Start of RECORD SET

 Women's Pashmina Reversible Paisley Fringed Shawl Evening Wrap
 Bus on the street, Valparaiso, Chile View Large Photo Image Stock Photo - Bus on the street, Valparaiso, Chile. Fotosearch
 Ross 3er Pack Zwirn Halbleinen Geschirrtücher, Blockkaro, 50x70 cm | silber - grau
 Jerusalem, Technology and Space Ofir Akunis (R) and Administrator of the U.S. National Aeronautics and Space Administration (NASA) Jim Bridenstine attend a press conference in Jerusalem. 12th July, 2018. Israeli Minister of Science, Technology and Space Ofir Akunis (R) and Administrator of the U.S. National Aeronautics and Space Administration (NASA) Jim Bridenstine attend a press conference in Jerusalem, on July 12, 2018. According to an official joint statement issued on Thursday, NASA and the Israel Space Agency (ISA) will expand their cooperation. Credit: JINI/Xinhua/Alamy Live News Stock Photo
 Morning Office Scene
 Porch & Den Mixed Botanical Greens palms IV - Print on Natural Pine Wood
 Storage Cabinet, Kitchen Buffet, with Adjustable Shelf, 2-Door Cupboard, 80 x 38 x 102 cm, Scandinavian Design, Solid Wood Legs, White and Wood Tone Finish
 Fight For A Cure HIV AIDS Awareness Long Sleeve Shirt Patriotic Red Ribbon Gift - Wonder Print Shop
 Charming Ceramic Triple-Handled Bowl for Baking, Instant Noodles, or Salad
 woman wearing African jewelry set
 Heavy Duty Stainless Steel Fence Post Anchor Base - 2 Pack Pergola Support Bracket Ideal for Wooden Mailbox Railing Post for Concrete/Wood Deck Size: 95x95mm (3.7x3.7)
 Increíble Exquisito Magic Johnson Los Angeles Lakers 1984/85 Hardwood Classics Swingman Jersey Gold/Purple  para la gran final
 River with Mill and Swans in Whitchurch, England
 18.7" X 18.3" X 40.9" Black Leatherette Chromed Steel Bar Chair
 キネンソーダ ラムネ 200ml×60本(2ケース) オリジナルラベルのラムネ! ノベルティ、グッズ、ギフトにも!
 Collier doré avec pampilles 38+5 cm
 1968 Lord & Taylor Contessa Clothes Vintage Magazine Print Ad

End of RECORD SET

▶ [AIM OF THE TASK]: Please copy the lines in the records above between the one holding "Porch & Den" and the one holding "woman wearing African jewelry set", inclusive, exactly and with no other line.

▶ [WRITTEN ANSWER]:
 Porch & Den Mixed Botanical Greens palms IV - Print on Natural Pine Wood
 Storage Cabinet, Kitchen Buffet, with Adjustable Shelf, 2-Door Cupboard, 80 x 38 x 102 cm, Scandinavian Design, Solid Wood Legs, White and Wood Tone Finish
 Fight For A Cure HIV AIDS Awareness Long Sleeve Shirt Patriotic Red Ribbon Gift - Wonder Print Shop
 Charming Ceramic Triple-Handled Bowl for Baking, Instant Noodles, or Salad
 woman wearing African jewelry set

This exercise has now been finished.